_Material shown_
━━━━━━

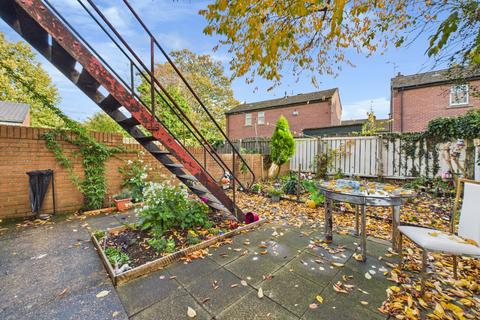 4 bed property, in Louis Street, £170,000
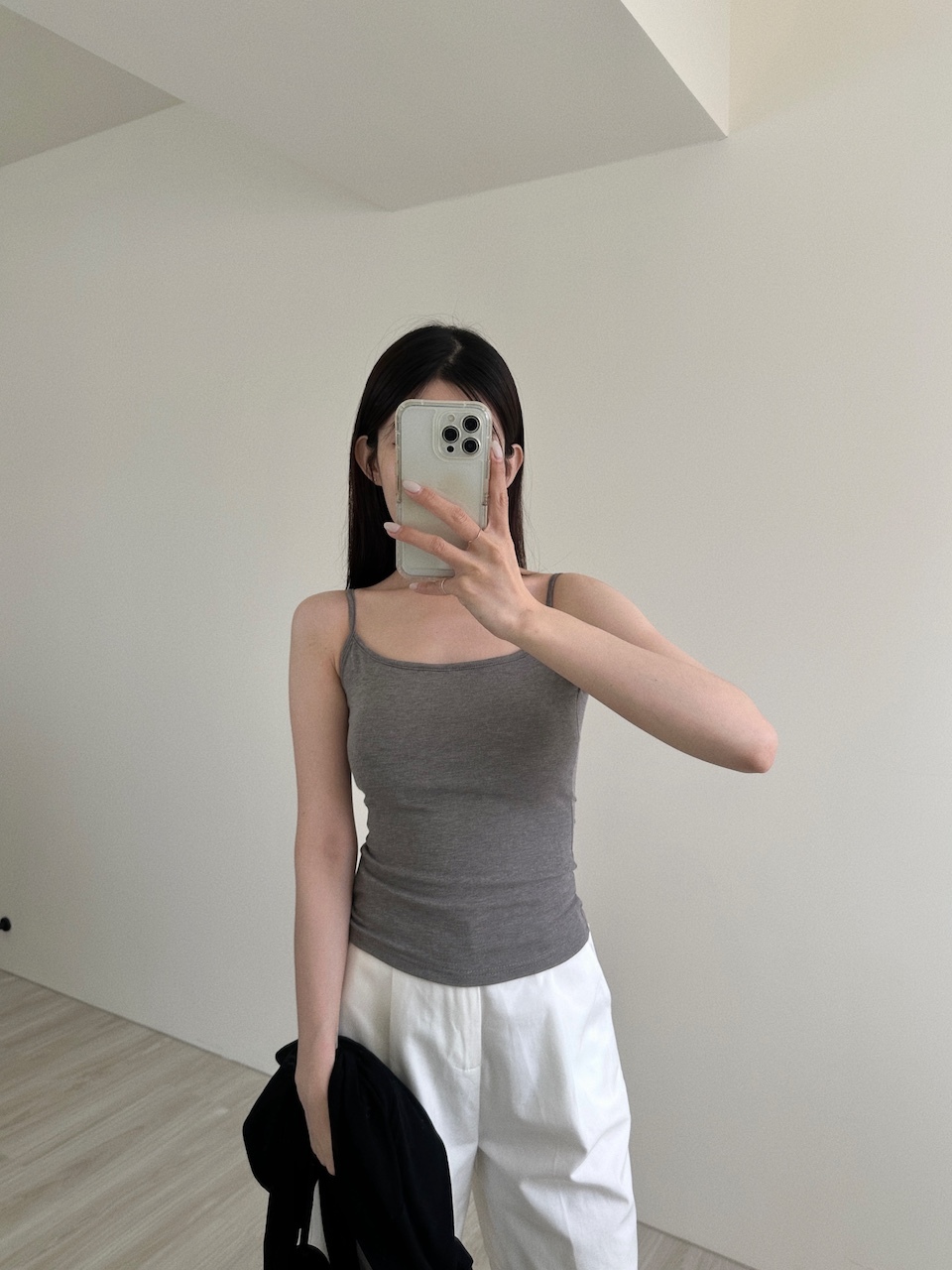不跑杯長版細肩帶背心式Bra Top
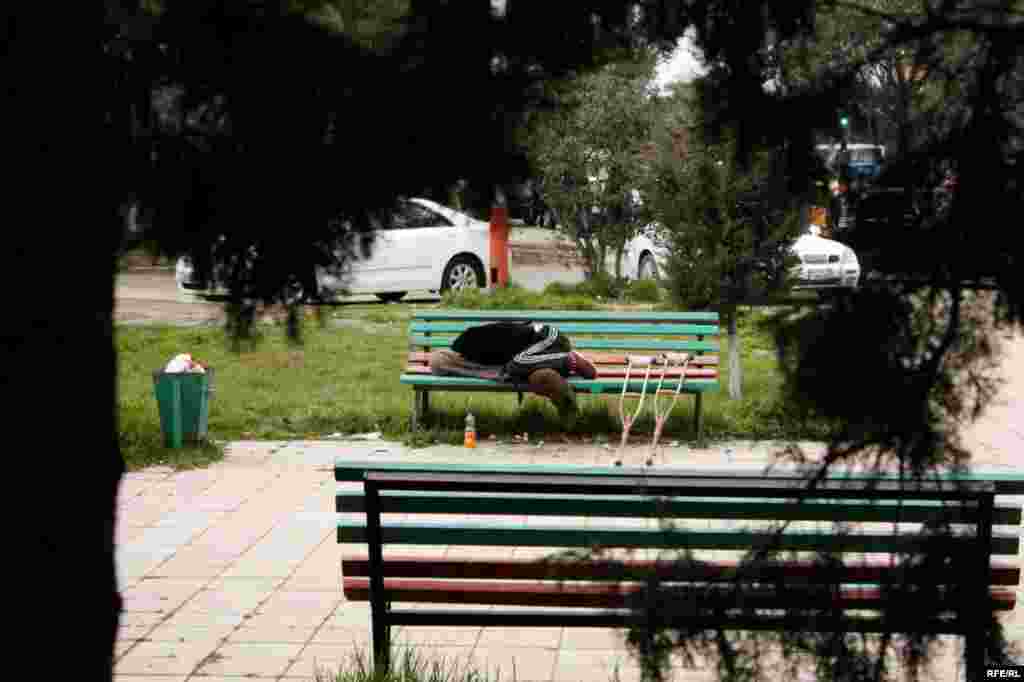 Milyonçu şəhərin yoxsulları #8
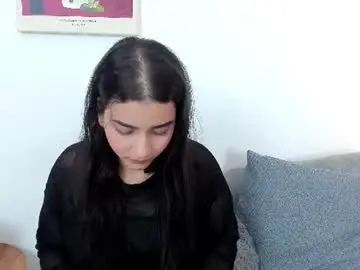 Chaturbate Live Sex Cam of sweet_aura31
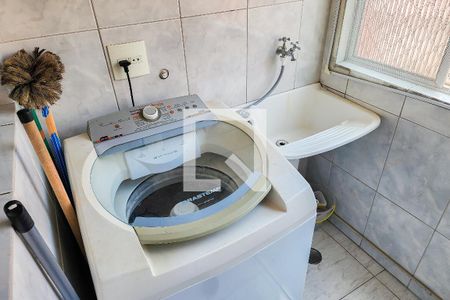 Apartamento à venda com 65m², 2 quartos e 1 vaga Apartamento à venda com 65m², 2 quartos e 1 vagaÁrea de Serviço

━━━━━━

_How to complete this task_
Write out the data word for word. Any picture is to be skipped.

_Task answer_
 4 bed property, in Louis Street, £170,000
不跑杯長版細肩帶背心式Bra Top
 Milyonçu şəhərin yoxsulları #8
 Chaturbate Live Sex Cam of sweet_aura31
 Apartamento à venda com 65m², 2 quartos e 1 vaga Apartamento à venda com 65m², 2 quartos e 1 vagaÁrea de Serviço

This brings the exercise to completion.